The Hackney singer, an icon of UK jazz, presented the Great Jamaican Songbook, an idea suggested by the bowler hatted Orphy Robinson, who was on keys and played percussion to his side with 'Windrush Generation' emblazoned on the back of his shirt.

With horns arranged by alto/soprano saxophonist Jason Yarde, Ray Carless on tenor was given a prominent role as both an old school friend from Watkiss’ Hackney childhood and for his tenure with Cleveland in the seminal big band the Jazz Warriors. Young trombonist James Wade-Sired made a great impact within a heavy horn section completed by Byron Wallen from the Mulatu Astatke band. Remember the name.
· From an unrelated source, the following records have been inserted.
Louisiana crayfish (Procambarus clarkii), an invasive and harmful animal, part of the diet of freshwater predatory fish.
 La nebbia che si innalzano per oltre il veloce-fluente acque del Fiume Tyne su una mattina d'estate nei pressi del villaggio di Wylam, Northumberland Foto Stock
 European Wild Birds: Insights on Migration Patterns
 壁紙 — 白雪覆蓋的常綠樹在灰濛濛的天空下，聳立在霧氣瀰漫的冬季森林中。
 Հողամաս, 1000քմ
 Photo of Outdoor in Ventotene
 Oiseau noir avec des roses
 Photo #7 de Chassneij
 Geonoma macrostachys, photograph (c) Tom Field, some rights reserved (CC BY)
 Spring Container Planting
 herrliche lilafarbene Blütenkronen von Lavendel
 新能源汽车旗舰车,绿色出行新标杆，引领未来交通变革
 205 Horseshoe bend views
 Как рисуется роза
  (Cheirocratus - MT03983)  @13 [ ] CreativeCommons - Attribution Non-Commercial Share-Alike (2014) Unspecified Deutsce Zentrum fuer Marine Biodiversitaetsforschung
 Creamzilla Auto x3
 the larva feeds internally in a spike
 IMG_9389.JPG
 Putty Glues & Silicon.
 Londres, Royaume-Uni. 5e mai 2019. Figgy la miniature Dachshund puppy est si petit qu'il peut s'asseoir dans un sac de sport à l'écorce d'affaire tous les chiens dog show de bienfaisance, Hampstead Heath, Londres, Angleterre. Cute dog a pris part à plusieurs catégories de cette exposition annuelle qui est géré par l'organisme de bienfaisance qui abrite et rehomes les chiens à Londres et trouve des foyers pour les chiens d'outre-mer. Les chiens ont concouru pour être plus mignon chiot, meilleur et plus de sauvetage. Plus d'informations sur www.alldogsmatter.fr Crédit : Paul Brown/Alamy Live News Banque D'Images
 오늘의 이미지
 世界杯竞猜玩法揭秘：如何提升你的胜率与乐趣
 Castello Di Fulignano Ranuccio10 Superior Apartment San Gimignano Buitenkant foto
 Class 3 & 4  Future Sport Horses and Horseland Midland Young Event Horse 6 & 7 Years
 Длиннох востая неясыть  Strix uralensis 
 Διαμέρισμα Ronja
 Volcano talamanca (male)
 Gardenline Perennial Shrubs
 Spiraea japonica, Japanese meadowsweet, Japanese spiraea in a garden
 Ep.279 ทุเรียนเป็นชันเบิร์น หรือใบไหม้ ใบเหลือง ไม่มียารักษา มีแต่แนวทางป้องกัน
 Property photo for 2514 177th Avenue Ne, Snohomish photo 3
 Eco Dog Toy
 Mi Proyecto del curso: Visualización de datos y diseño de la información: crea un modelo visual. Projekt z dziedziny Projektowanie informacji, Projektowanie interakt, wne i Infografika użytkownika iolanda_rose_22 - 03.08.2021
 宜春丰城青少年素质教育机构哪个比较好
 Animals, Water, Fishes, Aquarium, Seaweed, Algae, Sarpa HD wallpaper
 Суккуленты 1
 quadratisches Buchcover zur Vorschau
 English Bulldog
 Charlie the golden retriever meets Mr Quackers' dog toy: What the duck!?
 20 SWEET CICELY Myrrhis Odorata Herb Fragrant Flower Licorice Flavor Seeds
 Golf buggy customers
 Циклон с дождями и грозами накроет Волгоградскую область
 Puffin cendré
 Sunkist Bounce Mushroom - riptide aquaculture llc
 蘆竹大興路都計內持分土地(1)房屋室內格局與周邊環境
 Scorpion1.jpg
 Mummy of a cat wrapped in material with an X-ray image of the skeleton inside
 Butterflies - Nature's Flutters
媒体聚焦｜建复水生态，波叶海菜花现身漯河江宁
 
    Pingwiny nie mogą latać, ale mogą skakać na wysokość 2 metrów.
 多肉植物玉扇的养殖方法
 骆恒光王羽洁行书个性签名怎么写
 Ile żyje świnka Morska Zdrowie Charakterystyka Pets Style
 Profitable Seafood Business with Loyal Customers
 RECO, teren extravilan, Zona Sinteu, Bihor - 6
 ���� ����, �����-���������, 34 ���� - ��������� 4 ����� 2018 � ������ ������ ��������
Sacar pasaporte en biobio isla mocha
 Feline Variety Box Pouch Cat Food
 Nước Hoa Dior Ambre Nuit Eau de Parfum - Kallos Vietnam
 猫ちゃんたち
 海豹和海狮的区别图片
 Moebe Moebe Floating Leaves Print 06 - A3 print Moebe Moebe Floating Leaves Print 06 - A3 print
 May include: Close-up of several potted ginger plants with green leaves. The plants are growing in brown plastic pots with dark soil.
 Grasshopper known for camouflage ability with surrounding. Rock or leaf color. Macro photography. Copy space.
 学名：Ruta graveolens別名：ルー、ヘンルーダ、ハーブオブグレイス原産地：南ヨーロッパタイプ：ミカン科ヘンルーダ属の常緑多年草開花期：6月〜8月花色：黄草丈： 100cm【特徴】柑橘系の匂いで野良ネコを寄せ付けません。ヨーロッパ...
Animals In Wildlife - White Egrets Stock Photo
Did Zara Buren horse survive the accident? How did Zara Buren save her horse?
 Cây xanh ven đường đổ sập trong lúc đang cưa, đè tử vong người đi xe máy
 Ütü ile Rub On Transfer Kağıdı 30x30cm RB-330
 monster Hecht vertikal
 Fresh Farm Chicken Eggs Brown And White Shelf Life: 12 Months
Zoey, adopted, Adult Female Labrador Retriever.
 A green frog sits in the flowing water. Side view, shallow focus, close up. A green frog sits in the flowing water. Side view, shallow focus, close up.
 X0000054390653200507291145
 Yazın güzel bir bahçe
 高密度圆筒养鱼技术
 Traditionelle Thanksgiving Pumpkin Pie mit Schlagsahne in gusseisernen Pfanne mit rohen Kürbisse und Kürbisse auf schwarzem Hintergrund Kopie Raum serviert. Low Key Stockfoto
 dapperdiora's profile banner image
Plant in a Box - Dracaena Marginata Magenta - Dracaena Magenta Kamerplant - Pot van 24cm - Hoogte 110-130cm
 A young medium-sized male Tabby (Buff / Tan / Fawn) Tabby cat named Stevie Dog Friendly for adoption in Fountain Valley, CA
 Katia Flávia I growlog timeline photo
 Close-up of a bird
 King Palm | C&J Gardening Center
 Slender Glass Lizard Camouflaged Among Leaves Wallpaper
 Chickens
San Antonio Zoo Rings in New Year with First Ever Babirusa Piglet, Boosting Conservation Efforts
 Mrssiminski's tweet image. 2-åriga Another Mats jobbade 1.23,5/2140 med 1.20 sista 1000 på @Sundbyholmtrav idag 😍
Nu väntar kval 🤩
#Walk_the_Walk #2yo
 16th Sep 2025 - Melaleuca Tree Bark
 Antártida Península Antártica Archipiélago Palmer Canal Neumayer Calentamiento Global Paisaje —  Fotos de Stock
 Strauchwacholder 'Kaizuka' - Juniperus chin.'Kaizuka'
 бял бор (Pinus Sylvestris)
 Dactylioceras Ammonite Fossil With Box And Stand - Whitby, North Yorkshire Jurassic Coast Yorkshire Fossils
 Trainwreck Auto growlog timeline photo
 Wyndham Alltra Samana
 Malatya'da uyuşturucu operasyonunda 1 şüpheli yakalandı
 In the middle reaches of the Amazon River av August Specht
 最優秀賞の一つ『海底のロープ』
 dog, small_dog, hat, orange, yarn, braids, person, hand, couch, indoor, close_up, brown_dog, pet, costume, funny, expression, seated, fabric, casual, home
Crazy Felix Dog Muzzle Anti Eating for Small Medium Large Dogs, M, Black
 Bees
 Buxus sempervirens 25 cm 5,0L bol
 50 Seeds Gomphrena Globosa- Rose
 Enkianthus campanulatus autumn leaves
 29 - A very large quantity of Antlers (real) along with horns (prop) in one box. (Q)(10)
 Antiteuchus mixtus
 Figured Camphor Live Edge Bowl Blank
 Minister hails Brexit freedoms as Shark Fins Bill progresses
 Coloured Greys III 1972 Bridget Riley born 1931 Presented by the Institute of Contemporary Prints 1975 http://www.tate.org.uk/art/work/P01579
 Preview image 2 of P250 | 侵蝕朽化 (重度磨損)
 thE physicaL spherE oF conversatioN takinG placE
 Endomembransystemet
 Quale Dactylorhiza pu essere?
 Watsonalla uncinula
The evening was full of reggae and large sprinklings of jazz (‘'this is our folk music,’' Watkiss told us) with graphics highlighting some key records and New Cross protest footage interspersed for a sociopolitical flavour.

Guest vocalists were highly promising twentysomething singer Sahra Gure and cellist-vocalist Ayanna Witter-Johnson who received some of the biggest applause of the night as Watkiss and Ayanna duetted on The Abyssinians’ 'Declaration of Rights'.

The reggae rhythm section, including a some times dancing pianist Phil Ramacon who Watkiss told us had earlier in his career played with Bob Marley and had the crisply effective drummer Dan Barnett, father and son bass guitarist Delroy Murray and guitarist Brandon Murray, strong and true.

Watkiss was best on the Gregory Isaacs material especially ‘Night Nurse’ and he was a cool ruler himself and then some.